プラハで3回引っ張ったヨーロッパ研修は、
なんとザーレム研修を集中して1回で終わらせてしまいました。
季節は早、夏至を迎えています。
クロッタの完成まで待ってほしいと願った梅雨の到来を、
天気の天使さんにサービス過剰ぎみに、
なんと6月20頃まで待っていただきました。
こんなことは初めてのような気がします。
今回はザーレムでの塗装の学びの成果、
および、技術の向上により、
より素晴らしい仕上がりになりました。
* *
最近、ふと海岸に立ち寄りました。
私のライフワークにもなっている水の観察はこの海岸から始まりました。
自宅から福岡に向かう間に美しい砂浜があります。
鳴き砂の浜と言って、晴れた日に歩くと砂がキュッ、キュッと鳴くのです。
海岸がとてもきれいなこと、砂が花崗岩質のものであること、
などが砂の鳴く条件のようです。
それを示すかのように、そばに花崗岩の大きな岩があります。
川が流れ込んでいないのも、水がきれいな要因です。
それと、知る人ぞ知る、
<駐車場にある鳴き砂の浜の写真看板が裏返しに貼られていること>
でも有名な(?)海岸です。
普段は時間がなくて、
有料道路(今は無料になりました)の方を通るので立ち寄れなくて、
いつも時間に余裕を見て出発しようと考えながら、
なかなか実行できませんでした。
それでも、訪れるたびに新たな発見がありました。
それは、海が自分の秘密を、少しずつ、少しずつ語り始めたかのようでした。
最初の始まりは、こんな感じです。
「ところで、このまえ話してくれたことだけど、ここのところどんな感じ?」
「それはね。

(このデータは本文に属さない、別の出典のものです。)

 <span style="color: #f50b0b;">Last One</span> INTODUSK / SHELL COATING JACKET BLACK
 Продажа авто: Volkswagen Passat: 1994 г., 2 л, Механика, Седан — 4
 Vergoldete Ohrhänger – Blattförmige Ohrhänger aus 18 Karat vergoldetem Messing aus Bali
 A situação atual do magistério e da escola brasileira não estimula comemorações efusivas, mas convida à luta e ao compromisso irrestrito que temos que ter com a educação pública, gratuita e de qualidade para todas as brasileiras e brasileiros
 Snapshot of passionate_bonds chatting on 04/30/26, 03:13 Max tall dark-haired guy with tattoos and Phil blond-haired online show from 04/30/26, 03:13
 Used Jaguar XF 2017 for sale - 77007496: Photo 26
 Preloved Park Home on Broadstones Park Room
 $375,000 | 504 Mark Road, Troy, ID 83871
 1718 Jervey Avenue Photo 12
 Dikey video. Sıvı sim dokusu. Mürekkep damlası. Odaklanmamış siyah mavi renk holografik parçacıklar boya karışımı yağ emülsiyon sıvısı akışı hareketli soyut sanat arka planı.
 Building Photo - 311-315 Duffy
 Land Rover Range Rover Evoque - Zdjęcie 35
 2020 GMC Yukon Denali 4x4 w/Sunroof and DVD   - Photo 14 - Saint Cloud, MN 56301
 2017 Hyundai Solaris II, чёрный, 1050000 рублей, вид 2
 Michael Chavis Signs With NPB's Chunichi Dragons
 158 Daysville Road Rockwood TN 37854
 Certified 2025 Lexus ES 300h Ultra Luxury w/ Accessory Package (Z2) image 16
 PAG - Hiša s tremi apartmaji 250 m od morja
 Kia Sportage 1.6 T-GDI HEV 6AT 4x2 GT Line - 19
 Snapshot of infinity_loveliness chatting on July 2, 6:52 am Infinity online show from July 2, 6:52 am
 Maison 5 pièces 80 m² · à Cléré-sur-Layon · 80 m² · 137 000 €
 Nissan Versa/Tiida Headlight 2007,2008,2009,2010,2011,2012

」と言って話し始めるのです。
そして、時として、「それからね、こんなこともあって、
あんなこともあるし…」とたくさん話してくれることがあります。
そんなこんなで、とても仲のいい友達になって、
ほとんどのことを知ってしまいました。
そして、もうほとんどこれ以上のことはないだろうと、
しばらく足が遠のいていました。
そして、久しぶりに立ち寄ってみました。
この季節は、とりわけ水が美しく感じられます。
もう何も新たなことは教えてくれないだろう、と思いながらも、
ひょっとすると、というかすかな期待も持ちながら…
* *
海は一番最初に訪れた時と同じような美しさでした。
最初に見せてくれた姿そのままに、私を出迎えてくれました。
「良かった。」
自分がその姿を感じることが出来て嬉しく思いました。
そこには、様々な現象が詰まっています。
水の持つ反射、透過、屈折、リズム、渦、流れ、力、
それらのものを、なんとも現象の中に余すところなく表現しています。
「反射とはね。屈折とはね。」と難しい話をするのではなく、
それを、現象として美しく表現してくれます。
反射や屈折って、こんなに美しく不思議なものなのだ、
と改めて感心してしまいます。
ずっと気に入ってたのは、波の下にできる光の筋です。
波が立ち上がるとその筋もはっきりし、波と共にやってきます。
それから、波が立ち上がるときに見える海の底です。
波が立ち上がることで、その波を通して底が透けて見えるのです。
おまけに、少し拡大されているようです。
そのうち、立ち上がる波がない水面の底に映る光の筋が気になり始めました。
反射による空の映り込みと
底から透けて見える光の筋の網の競演も何とも言えません。
光の網が一筋の光の筋に変わっていくところも見事です。
そうしていると、今度は海面全体の縞模様が気になり始めました。
小さい波だと思っていたら、実は底にできた砂の筋でした。
海の水が砂浜に打ち寄せることで、底に筋(波)を作っていたのです。
海の水は砂浜に打ち寄せる時に、空気との出会いの場所では波を作り、
砂との出会いでも波を作っていたのです。
それを見事に表現しています。
何食わぬ顔で。
海の水のすばらしさを伝えることは、私の表現力不足でとてもできません。
ただただ、見とれるばかりです。
このような不思議で美しいものが、私の体の中にあると考えると、
ますます不思議でたまらなくなります。
ふと不思議な物体に目が留まりました。
得体の知れないものが砂の上にあります。
オイルが固まったピッチのようでもあり、
海藻の塊のようでもあります。
靴で突っついてみました。
鮮やかな紫色が砂にしみこんでいます。
脚で転がしてみると、一回転ごとに鮮やかな紫色の斑点が砂につきました。